Les fans de la marque Lotus ont dû patienter treize ans avant de voir la marque britannique lancer un nouveau modèle sur le marché. Cela sera le cas au printemps prochain avec l'arrivée de la nouvelle Lotus Evora.
L'Evora semble incarner le rêve des pères de famille. Si l'on considère les détails techniques, on reconnaît une familiale dynamique plutôt qu'une sportive de haut niveau. Elle sera dotée d'un V6 de 3,5 litres et 206 kW/280 ch dont le taux d'émission de CO2 est annoncé à 225 grammes par kilomètre. Censée réaliser le 0 à 100 km/h en moins de 5 secondes, la Lotus Evora pèsera 1,3 tonnes et atteindra une vitesse maxi proche des 250 km/h.
Cependant, son optique semble tenir un autre langage. Pour un empattement de 2,58 mètres, elle mesure à peine 4,34 m de long et ne dépassera guère, avec ses 1,22 m de haut, la ceinture de son conducteur. On pourrait presque dire : tout ce qui brille n'est pas or.
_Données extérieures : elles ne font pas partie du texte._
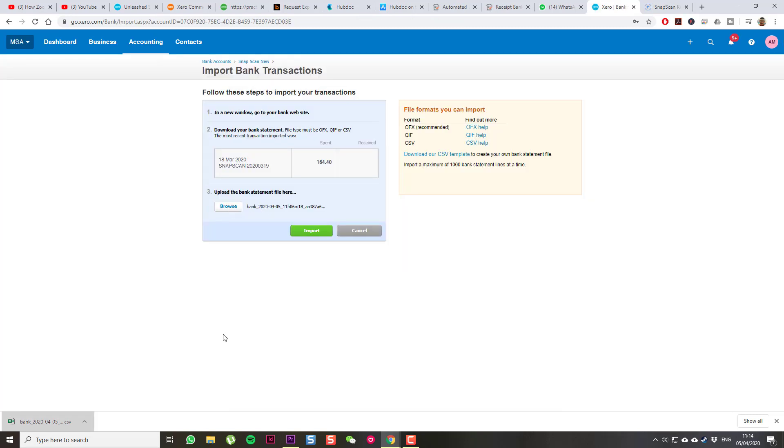I selected the bank statement, or the CSV file from my desktop. I'm going to select Import.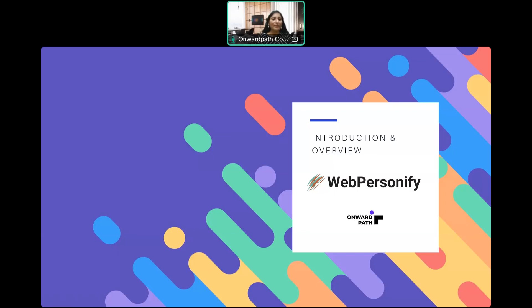Hello everyone. I welcome you all to today's webinar. Thank you so much for joining in. It's a pleasure to have you on board. In this session, we are going to discuss about our product Webpersonify. We are launching Webpersonify for small and medium scale business. I'm Saravan, a developer at OnWebPath. We are doing consulting and our specialties are Adobe Experience Manager, Web Content Management, Java Fullstack Development, Digital Experience Platform and Oracle Web Center. I'll be your presenter for today.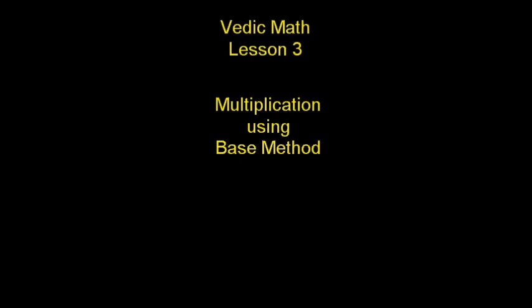Welcome to this lesson of Vedic Math. Today we are going to learn multiplication. We are going to use the base method. So what are bases?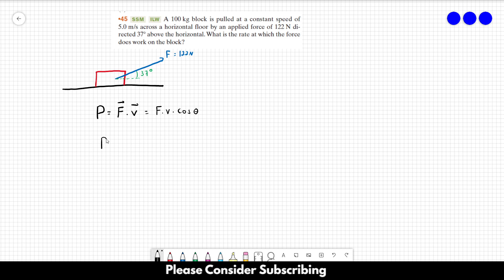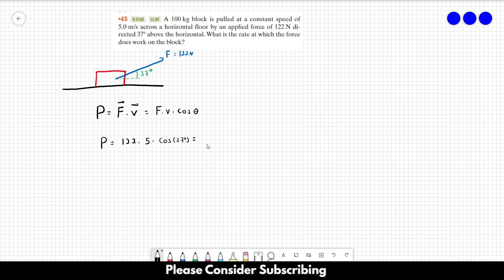So the power is equal to 122 times 5 times the cosine of 37 degrees. And this gives us 4.9 times 10 to the second watts.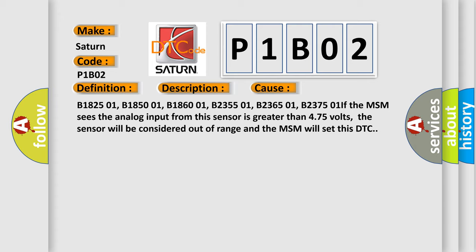If the MSM sees the analog input from this sensor is greater than 4.75 volts, the sensor will be considered out of range and the MSM will set this DTC.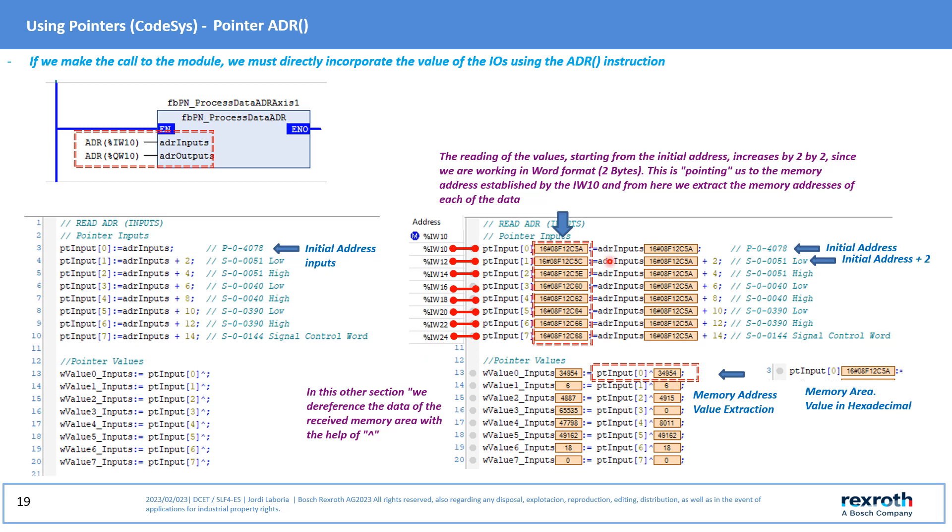Of course this can be done in many ways, but the example lets you see how this read is executed. The memory position is reflected in hexadecimal as can be seen and the value is dereferenced.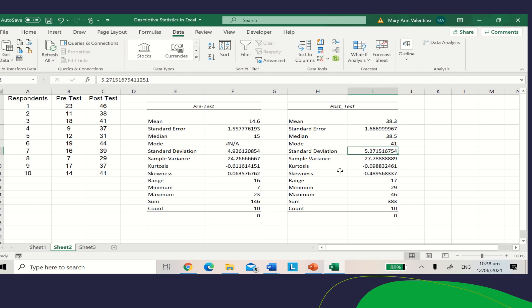It also gives you the sample variance, skewness, range, minimum and maximum, sum, and count.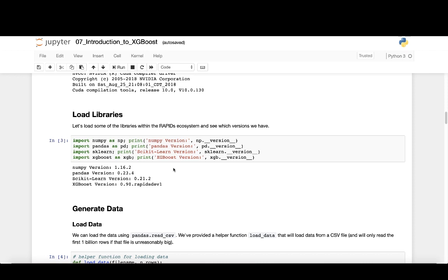XGBoost doesn't just use one tree. It builds multiple trees, each with different splits in the data. These multiple trees are combined or ensembled together to create predictions. For a certain individual, we can follow the decision rule of each tree until we get a prediction score and then sum those prediction scores together to get an ultimate prediction.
Ou Lotus se montrerait-elle compréhensive vis-à-vis des clients ayant une famille, la bedaine de l'abondance et souffrant de mal de dos? Avec la nouvelle Evora, Lotus entend interpeller un nouveau groupe de clients ne voulant en aucun cas renoncer à leur petit confort. Cela se reflète aussi au niveau du prix : la quatre portes devrait coûter autour de 70 000 Euro. Tous les fans de Lotus qui ont encore le mal de la légendaire Esprit, le bolide de fonction de James Bond, peuvent toutefois se rassurer. Le successeur prévu pour 2011 devrait être animé par un huit cylindres.